Constituency details
- Country: India
- Region: East India
- State: Bihar
- District: Sitamarhi
- Lok Sabha constituency: Sitamarhi
- Established: 1977
- Abolished: 2010

= Pupri Assembly constituency =

Pupri Assembly constituency was an assembly constituency in Sitamarhi district in the Indian state of Bihar. Nearest railway station is [Janakpur Road].

==Overview==
It was part of Sitamarhi Lok Sabha constituency.

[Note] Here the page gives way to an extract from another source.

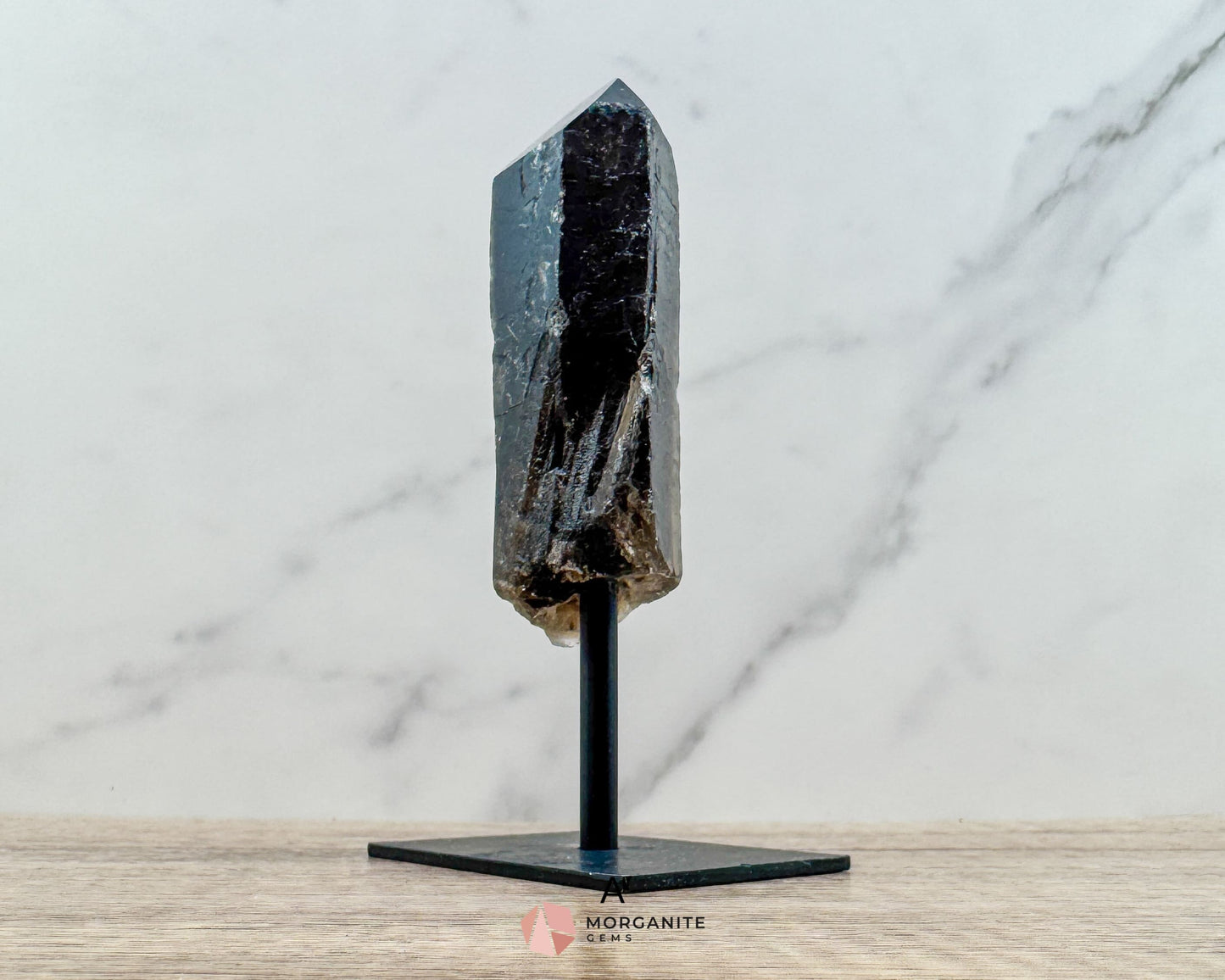 Smoky Quartz Points on Metal Stand – Handcrafted Energy Amplifier for Home & Office - Metaphysical Crystals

As a consequence of the orders of the Delimitation Commission of India, Pupri Assembly constituency ceased to exist in 2010.

==Election results==
===1977-2005===
In the October 2005 and February 2005 state assembly elections, Shahid Ali Khan of Janata Dal (United) won the 72 Pupri assembly seat, defeating his nearest rivals, Ram Dulari Devi and Nawal Kishore Rai, both of Rashtriya Janata Dal, in respective years. Contests in most years were multi cornered but only winners and runners are being mentioned. Sitaram Yadav of RJD defeated Habib Ahmad Birari of JD(U) in 2000. Sitaram Yadav representing Janata Dal defeated Ram Briksh Chaudhary representing Samata Party in 1995 and representing Congress in 1990. Ram Briksh Chaudhary of Congress defeated Sitaram Yadav of Lok Dal in 1985 and Sudama Devi of Congress in 1980. Habib Ahmad Birari of Janata Party defeated Ram Briksh Chaudhary of Congress in 1977.